Challenge, Easy,  on  Kubernetes

Klustered: Level One

Welcome to Klustered: Level One. Someone left this cluster in a thoroughly broken state, and you've been handed the keys. Your job: fix it.

The Goal

Open the App tab in the playground UI. Right now it's blank, because nothing is reachable. You're aiming for two milestones:

  1. The app comes back to life. Once you've patched up the cluster, the App tab will show Rawkode tapping his watch, as if to say "any day now". The plumbing works, but you're still on the old version. Halfway there.
  2. The v2 upgrade lands. Roll the deployment forward to the v2 image and the watch-tapping is replaced with Rawkode's victory dance. That's the win.

Visually, you'll know you're done when the dancing starts.

Two Ways to Play

  • Hard mode. Just get it working. No hints, no peeking.
  • Guided mode. Work through it step by step, with each bug framed as a learning opportunity.

Pick your path below.


Getting Started

You'll be working from cplane-01. The admin kubeconfig is only readable by root, so the very first thing to do is switch users:

sudo su

Quick sanity check (you should see a node listed):

kubectl get nodes

If you get a permission or auth error, double-check you actually became root before running kubectl.


Hard Mode

You're on cplane-01. The cluster has several distinct problems: some obvious, some sneaky. Reach for whatever kubectl you'd use in the wild (get, describe, logs, events, explain) and keep the App tab open in another window so you can see the watch-tap appear when you get close.

Stop reading here if you want the full challenge.


Guided Mode

There are three planted bugs standing between you and a working cluster, plus a final step to actually perform the v1 -> v2 upgrade that the challenge is named after.

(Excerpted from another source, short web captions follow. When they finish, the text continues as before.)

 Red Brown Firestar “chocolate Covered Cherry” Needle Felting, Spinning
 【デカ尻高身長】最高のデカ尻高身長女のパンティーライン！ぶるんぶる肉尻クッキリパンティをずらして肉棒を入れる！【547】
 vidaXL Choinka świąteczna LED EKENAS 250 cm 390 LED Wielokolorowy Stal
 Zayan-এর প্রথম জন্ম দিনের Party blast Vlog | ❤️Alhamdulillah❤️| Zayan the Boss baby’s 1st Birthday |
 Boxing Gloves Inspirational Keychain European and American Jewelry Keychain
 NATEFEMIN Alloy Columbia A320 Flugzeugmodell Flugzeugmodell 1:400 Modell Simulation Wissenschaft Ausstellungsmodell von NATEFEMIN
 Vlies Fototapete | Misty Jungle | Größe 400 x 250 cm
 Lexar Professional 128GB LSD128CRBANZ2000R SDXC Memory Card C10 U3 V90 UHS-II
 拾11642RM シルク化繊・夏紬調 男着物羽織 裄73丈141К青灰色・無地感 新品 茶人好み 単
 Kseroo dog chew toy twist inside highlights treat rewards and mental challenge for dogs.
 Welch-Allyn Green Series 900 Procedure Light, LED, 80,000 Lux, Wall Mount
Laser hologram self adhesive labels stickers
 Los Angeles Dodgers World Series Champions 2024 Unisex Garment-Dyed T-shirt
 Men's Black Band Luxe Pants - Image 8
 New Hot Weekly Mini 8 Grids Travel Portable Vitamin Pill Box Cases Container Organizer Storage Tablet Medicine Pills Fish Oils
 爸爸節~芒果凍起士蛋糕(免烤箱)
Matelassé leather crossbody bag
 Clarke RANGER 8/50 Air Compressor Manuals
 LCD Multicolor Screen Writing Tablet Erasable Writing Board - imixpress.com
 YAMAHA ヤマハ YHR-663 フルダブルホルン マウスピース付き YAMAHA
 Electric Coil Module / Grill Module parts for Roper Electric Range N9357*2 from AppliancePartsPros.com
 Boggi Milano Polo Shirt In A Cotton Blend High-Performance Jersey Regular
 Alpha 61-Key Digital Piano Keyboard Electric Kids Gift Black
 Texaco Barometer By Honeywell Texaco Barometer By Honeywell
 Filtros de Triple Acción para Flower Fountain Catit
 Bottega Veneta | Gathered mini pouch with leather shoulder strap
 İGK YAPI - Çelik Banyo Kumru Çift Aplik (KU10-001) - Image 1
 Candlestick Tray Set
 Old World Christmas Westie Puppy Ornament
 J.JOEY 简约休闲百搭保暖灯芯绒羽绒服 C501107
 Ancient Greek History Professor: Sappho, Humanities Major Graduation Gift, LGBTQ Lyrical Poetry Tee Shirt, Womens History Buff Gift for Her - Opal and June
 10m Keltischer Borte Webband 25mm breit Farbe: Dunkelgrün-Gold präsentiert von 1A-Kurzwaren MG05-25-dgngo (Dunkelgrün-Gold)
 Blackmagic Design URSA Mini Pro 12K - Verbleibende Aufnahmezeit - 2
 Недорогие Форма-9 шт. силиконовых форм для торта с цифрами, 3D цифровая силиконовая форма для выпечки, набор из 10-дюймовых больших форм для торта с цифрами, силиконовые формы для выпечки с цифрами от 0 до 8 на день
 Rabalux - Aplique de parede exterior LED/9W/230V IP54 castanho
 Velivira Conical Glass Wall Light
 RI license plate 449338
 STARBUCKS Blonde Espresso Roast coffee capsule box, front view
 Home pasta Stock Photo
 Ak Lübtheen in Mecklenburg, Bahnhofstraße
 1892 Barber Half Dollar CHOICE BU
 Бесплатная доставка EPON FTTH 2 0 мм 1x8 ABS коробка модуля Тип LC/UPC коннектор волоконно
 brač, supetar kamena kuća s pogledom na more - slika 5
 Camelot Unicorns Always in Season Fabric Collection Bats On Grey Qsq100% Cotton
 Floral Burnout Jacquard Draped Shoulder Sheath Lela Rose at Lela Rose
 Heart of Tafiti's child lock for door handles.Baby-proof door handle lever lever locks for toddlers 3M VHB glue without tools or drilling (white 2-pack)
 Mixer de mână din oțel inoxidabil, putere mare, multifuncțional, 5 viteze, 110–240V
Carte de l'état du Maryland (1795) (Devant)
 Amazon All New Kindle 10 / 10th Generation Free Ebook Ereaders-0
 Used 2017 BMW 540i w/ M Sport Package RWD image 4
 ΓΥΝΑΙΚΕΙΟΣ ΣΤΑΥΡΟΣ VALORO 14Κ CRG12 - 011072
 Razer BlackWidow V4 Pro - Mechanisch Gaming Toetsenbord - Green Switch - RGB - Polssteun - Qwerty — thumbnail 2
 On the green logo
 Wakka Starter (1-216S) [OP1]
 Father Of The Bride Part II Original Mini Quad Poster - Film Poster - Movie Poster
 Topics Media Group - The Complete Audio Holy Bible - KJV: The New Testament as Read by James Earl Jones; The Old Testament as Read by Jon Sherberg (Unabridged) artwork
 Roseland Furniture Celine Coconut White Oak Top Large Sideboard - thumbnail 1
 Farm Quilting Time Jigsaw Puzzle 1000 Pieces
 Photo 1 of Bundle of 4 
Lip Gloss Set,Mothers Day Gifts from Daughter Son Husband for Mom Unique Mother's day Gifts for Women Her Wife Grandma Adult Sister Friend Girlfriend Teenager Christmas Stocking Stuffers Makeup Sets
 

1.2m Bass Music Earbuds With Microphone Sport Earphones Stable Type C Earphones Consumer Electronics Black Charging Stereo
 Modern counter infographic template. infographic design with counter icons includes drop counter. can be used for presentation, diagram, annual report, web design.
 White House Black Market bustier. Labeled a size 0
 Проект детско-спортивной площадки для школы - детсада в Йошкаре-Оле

Each bug teaches something different about Kubernetes. Work through them in order, or jump around if you spot something faster.

For each step, try the observation prompts first. Only open the hint blocks when you're stuck. They spoil the answer in stages: nudge, then concept, then fix.

Step 0: Get the Lay of the Land

Before changing anything, look at what exists.

kubectl get pods,svc,deploy
kubectl get events --sort-by=.lastTimestamp

What to notice:

  • Which pods are Running? Which are not, and what state are they stuck in?
  • Does the klustered service have endpoints? (kubectl get endpoints klustered)
  • Can you reach the app at all? (curl -s http://localhost:30000)
  • And out of curiosity, what does the App tab show right now? (Spoiler: not Rawkode, not yet.)

You should see at least one pod that never becomes Running, and a service with no endpoints. Those are two separate problems. There are more once you start digging.


Step 1: The Database Pod That Won't Schedule

Run kubectl get pods. The database-* pod is stuck in Pending. Normally that means insufficient resources or a taint, but kubectl describe pod will tell you the real reason.

Hint 1: Where to Look

Look at the Status and Conditions on the pod, and the spec of the deployment. The pod isn't waiting for a node. The scheduler has been told not to try yet.

Hint 2: The Concept

Kubernetes 1.27+ introduced scheduling gates. A pod can declare spec.schedulingGates, and the scheduler will refuse to place it until every gate is removed. Gates are normally removed by an external controller (quota system, admission webhook, etc.) once its precondition is satisfied.

This deployment declares a gate (example.com/quota-check) but no controller exists to remove it. The pod is gated forever.

Hint 3: The Fix

Edit the deployment and remove the schedulingGates block from the pod template:

kubectl edit deployment database
# delete the schedulingGates: ... lines under spec.template.spec

The pod should immediately schedule and start.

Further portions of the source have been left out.